The FV function in Google Sheets is designed to compute the future value of an investment based on regular, evenly spaced payments and a fixed interest rate. This function is particularly useful for individuals planning for retirement, saving for larger purchases, or managing finances involving consistent cash flows.
Syntax
FV(rate, nper, pmt, [pv], [type])
- rate: The interest rate for each period.
- nper: The total number of payment periods in the investment.
- pmt: The amount to be paid in each period (optional).
- pv: The present value or the total amount that a series of future payments is worth now (optional).

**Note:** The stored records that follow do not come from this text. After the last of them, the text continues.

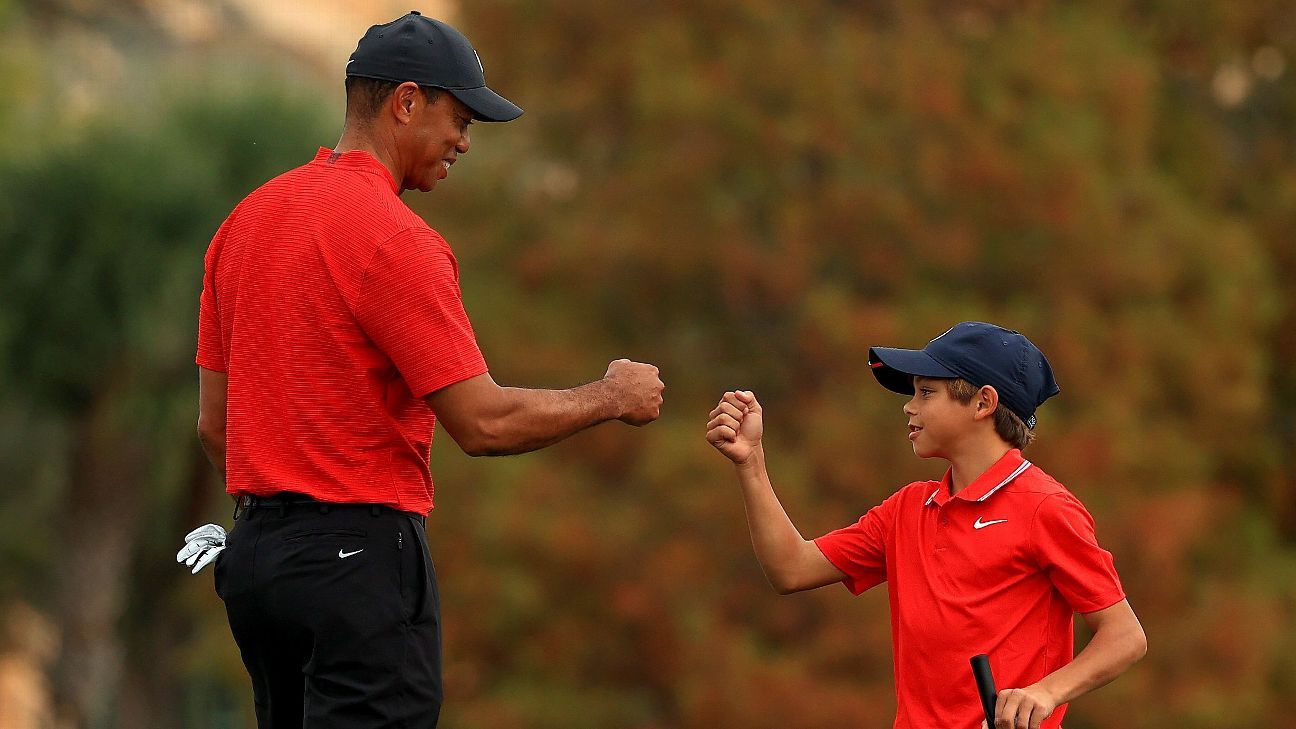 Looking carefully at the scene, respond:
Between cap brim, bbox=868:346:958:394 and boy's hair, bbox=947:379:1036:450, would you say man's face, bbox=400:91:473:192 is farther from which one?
boy's hair, bbox=947:379:1036:450

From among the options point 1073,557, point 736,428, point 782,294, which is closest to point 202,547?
point 736,428

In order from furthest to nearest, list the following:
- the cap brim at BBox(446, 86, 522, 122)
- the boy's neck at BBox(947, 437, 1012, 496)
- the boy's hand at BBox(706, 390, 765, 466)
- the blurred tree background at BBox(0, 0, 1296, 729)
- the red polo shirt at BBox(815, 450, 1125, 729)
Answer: the blurred tree background at BBox(0, 0, 1296, 729) < the boy's hand at BBox(706, 390, 765, 466) < the boy's neck at BBox(947, 437, 1012, 496) < the cap brim at BBox(446, 86, 522, 122) < the red polo shirt at BBox(815, 450, 1125, 729)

- type: Indicates whether payments are made at the beginning or end of the period (0 for end, 1 for beginning; optional).
Example #1
=FV(0.05, 10, -200)
This function calculates the future value of an investment where you make annual payments of $200 over 10 years with a 5% interest rate. The result is $2,583.68.
Example #2
=FV(0.03, 15, -100)
This computes the future value of an annuity with annual payments of $100, at an interest rate of 3%, over 15 years, yielding a future value of $2,045.72.
Example #3
=FV(0.04, 20, -150, -2500)
This calculates the future value when you make annual payments of $150 for 20 years at a 4% interest rate, with an additional present value of $2,500, resulting in $6,454.94.
Error handling
- NUM! This error occurs when the parameters provided would result in an invalid calculation, such as negative payments without a present value.
- VALUE! This error indicates that the input provided to the function is of an incorrect type, such as text instead of a number.
- DIV/0! This error may arise if the rate is set to zero and the number of periods is also zero, leading to incongruity in calculations.